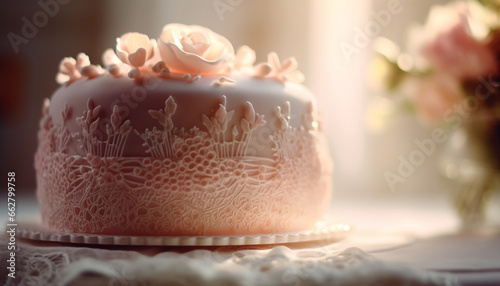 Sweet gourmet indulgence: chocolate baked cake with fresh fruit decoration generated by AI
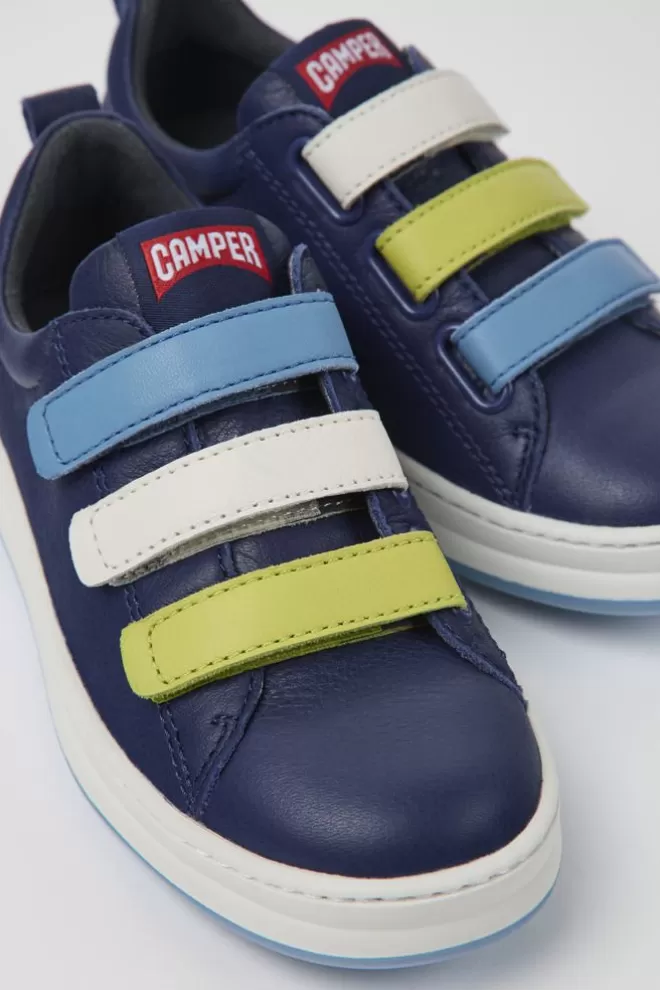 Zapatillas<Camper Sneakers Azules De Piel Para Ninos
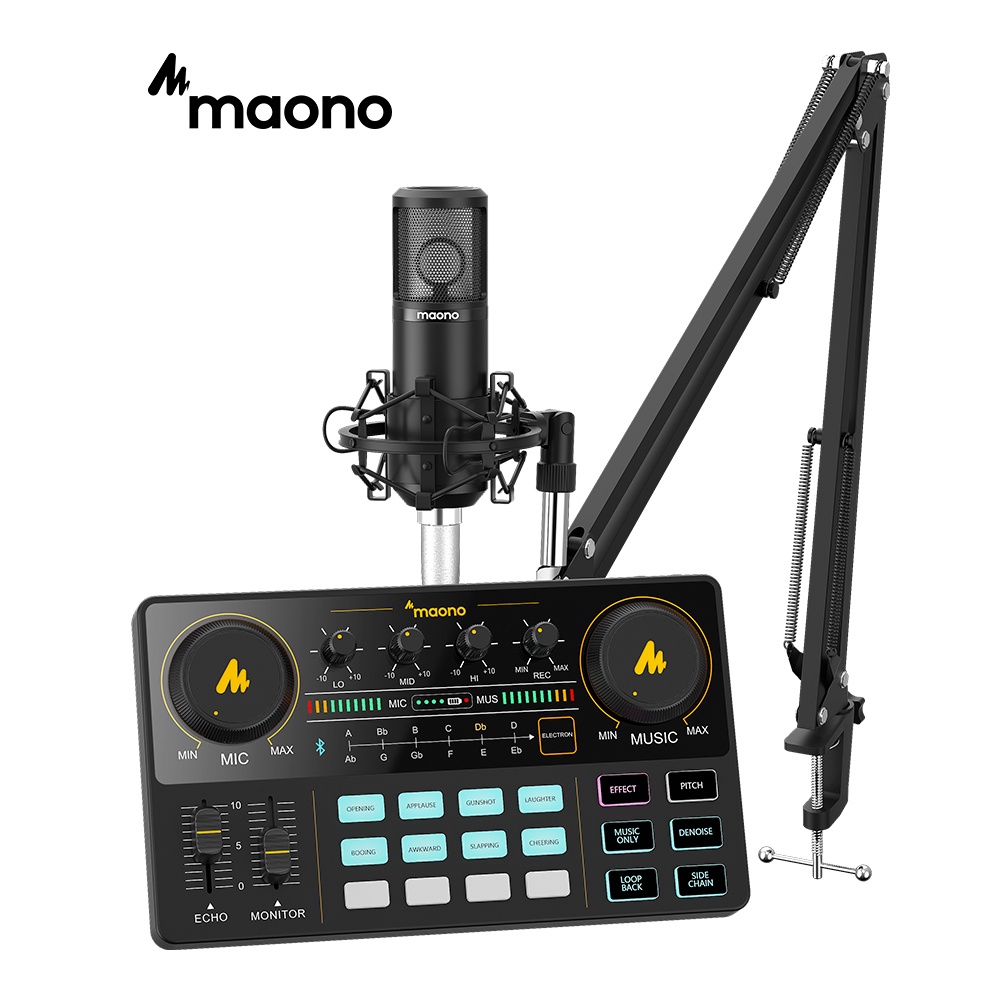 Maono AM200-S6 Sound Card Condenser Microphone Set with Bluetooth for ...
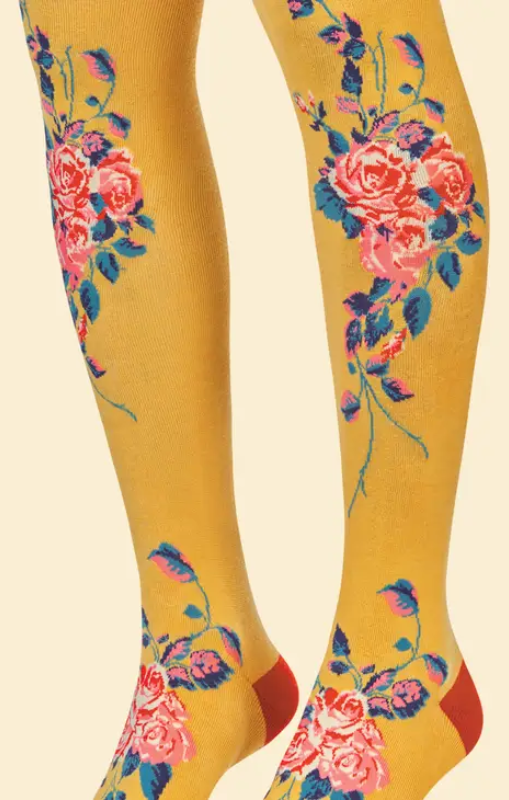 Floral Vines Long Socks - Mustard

==

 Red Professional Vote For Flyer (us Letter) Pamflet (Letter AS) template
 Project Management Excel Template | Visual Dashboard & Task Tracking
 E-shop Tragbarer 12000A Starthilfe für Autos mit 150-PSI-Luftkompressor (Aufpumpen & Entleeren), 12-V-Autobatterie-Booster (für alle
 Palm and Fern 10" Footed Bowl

**WORK REQUEST**
Within the entries above, give again exactly the lines starting at the one that contains "Sweet gourmet indulgence: chocolate" and ending at the one that contains "Floral Vines Long Socks - Mustard", leaving out the pictures.

**ANSWER SECTION**
 Sweet gourmet indulgence: chocolate baked cake with fresh fruit decoration generated by AI
 Zapatillas<Camper Sneakers Azules De Piel Para Ninos
 Maono AM200-S6 Sound Card Condenser Microphone Set with Bluetooth for ...
 Floral Vines Long Socks - Mustard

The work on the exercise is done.